Jackson’s 10% damages increase could hit insurer’s 2012 results

Money

Direct Line Group faces a pre-tax hit of between £30m and £45m to its 2012 results if the ABI fails to overturn a recent Court of Appeal decision, according to their prospectus for listing on the stock exchange released today.

The issue centres on the 10% increase in general damages which will be implemented when the Legal Aid, Sentencing and Punishment of Offenders Act (LASPO) comes into force in April 2013.

Direct Line originally assumed that the 10% increase would only apply to new claims made after 1 April 2013.

However, the prospectus says the Court of Appeal’s decision in the Simmons v Castle case in July stipulates that the 10% increase will apply to all claims settled after 1 April 2013, regardless of when the claim was made.

The ABI has applied to the Court to reconsider its decision. But Direct Line said in the document that if the court does not amend its decision, its 2012 results could face a hit of between £30m and £40m.

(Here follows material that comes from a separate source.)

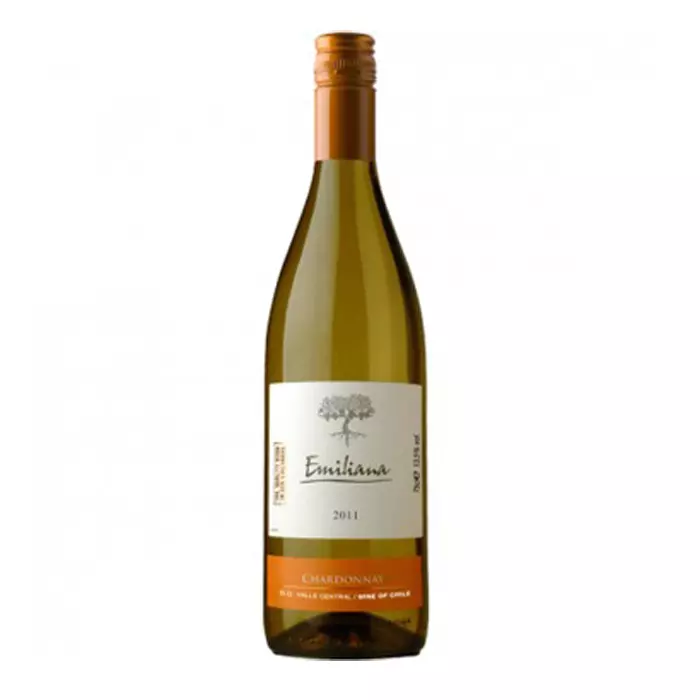 Vino Blanco Emiliana® Chardonnay 750 ml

If this happens, Direct Line will recognise the majority of the expense in the third quarter.

The company said in its IPO prospectus: “If the Court reverses its original decision, this impact will not arise, although it is also possible that the Court may implement a compromise position, which would result in a lesser impact. Given the current uncertainty, the above estimates do not include mitigating actions, if any, that may be available to the Group.”

Direct Line priced its pending IPO today at between 160p and 195p a share. The insurer’s shares will start trading on the London Stock Exchange on an unconditional basis on 16 October.